Task input
:::

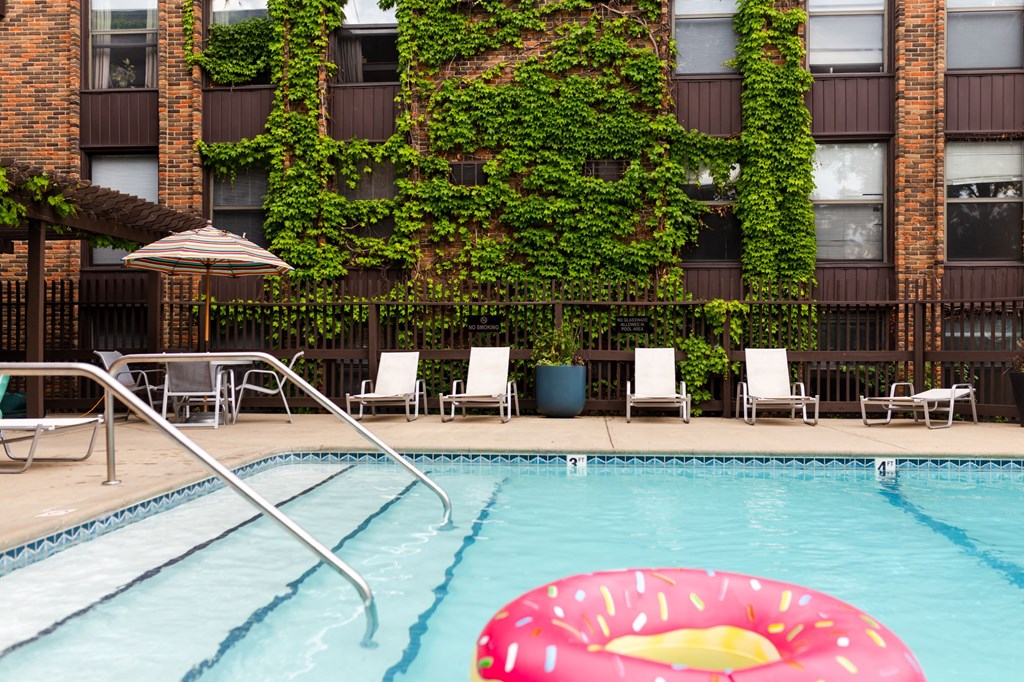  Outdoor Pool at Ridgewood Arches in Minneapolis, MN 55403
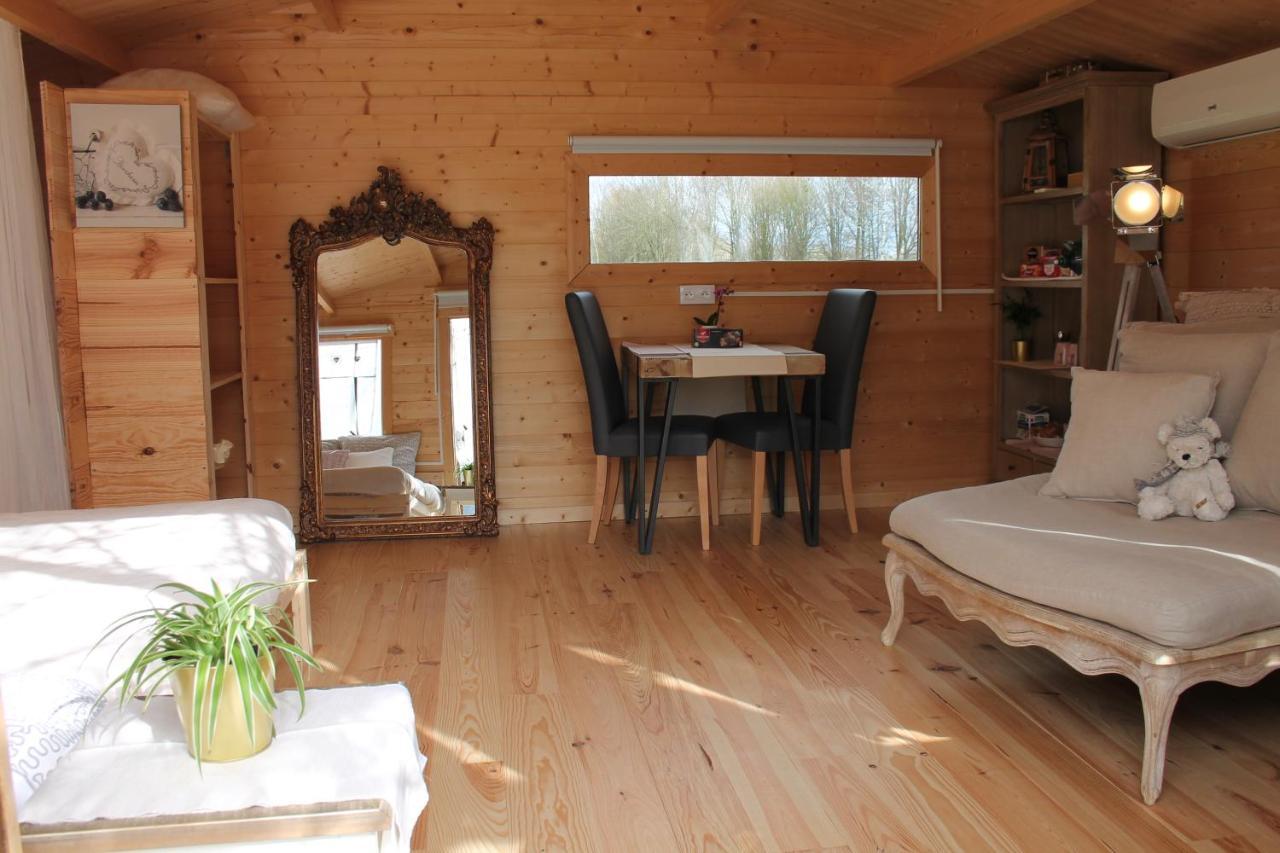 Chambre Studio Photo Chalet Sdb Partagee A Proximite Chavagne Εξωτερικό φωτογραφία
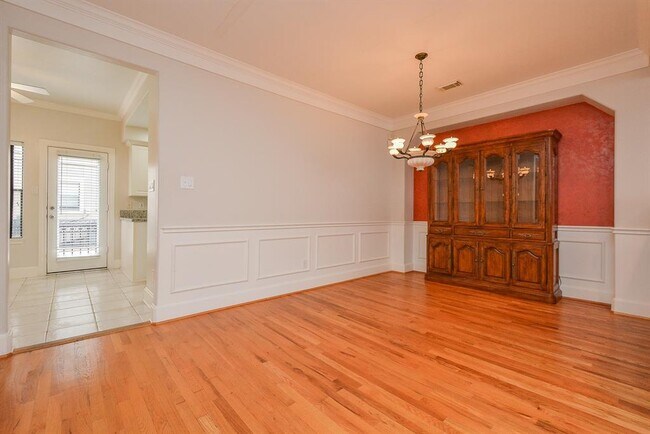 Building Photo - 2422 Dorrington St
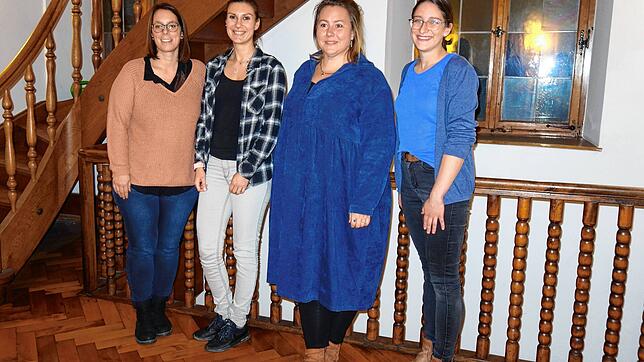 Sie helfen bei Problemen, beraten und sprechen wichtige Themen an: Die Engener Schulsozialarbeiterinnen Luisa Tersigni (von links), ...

:::

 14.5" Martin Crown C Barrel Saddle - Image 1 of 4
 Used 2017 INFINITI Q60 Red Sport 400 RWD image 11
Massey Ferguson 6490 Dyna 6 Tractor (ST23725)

:::

Work request
Reproduce exactly, and with no other material, the lines between those holding "Image 1 of 4" and "Massey Ferguson 6490 Dyna 6 Tractor (ST23725)", inclusive.

Finished task
 14.5" Martin Crown C Barrel Saddle - Image 1 of 4
 Used 2017 INFINITI Q60 Red Sport 400 RWD image 11
Massey Ferguson 6490 Dyna 6 Tractor (ST23725)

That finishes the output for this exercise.